Recorded data:
+ + + + + + +
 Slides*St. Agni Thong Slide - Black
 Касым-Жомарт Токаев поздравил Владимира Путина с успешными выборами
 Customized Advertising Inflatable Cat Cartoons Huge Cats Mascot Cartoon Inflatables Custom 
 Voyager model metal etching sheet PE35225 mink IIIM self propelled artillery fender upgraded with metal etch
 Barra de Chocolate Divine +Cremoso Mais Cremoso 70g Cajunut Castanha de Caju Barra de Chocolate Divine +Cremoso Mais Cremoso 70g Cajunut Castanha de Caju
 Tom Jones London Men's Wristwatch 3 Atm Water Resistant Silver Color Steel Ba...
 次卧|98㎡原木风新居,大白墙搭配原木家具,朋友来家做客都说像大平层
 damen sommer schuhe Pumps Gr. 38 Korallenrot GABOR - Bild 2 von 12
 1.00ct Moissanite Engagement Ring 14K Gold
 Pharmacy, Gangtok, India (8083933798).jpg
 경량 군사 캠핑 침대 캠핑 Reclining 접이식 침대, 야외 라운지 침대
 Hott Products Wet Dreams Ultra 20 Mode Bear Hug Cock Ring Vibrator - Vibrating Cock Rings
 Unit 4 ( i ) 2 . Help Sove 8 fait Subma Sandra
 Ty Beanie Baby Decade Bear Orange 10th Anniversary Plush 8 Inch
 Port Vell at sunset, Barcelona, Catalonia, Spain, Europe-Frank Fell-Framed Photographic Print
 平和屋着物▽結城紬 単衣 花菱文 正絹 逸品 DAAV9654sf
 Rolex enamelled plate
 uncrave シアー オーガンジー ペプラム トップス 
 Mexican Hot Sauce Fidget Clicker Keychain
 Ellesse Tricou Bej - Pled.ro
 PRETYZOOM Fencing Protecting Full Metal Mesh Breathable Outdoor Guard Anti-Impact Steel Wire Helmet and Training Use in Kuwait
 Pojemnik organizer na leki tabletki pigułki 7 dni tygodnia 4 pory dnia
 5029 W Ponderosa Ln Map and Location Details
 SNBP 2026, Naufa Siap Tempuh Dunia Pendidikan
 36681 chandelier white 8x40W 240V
+ + + + + + +
◆ Exercise description: An exact, complete copy of the lines above from the one with "de Caju Barra" through the one with "Ellesse Tricou Bej - Pled.ro" is the whole answer.

◆ Finished exercise:
 Barra de Chocolate Divine +Cremoso Mais Cremoso 70g Cajunut Castanha de Caju Barra de Chocolate Divine +Cremoso Mais Cremoso 70g Cajunut Castanha de Caju
 Tom Jones London Men's Wristwatch 3 Atm Water Resistant Silver Color Steel Ba...
 次卧|98㎡原木风新居,大白墙搭配原木家具,朋友来家做客都说像大平层
 damen sommer schuhe Pumps Gr. 38 Korallenrot GABOR - Bild 2 von 12
 1.00ct Moissanite Engagement Ring 14K Gold
 Pharmacy, Gangtok, India (8083933798).jpg
 경량 군사 캠핑 침대 캠핑 Reclining 접이식 침대, 야외 라운지 침대
 Hott Products Wet Dreams Ultra 20 Mode Bear Hug Cock Ring Vibrator - Vibrating Cock Rings
 Unit 4 ( i ) 2 . Help Sove 8 fait Subma Sandra
 Ty Beanie Baby Decade Bear Orange 10th Anniversary Plush 8 Inch
 Port Vell at sunset, Barcelona, Catalonia, Spain, Europe-Frank Fell-Framed Photographic Print
 平和屋着物▽結城紬 単衣 花菱文 正絹 逸品 DAAV9654sf
 Rolex enamelled plate
 uncrave シアー オーガンジー ペプラム トップス 
 Mexican Hot Sauce Fidget Clicker Keychain
 Ellesse Tricou Bej - Pled.ro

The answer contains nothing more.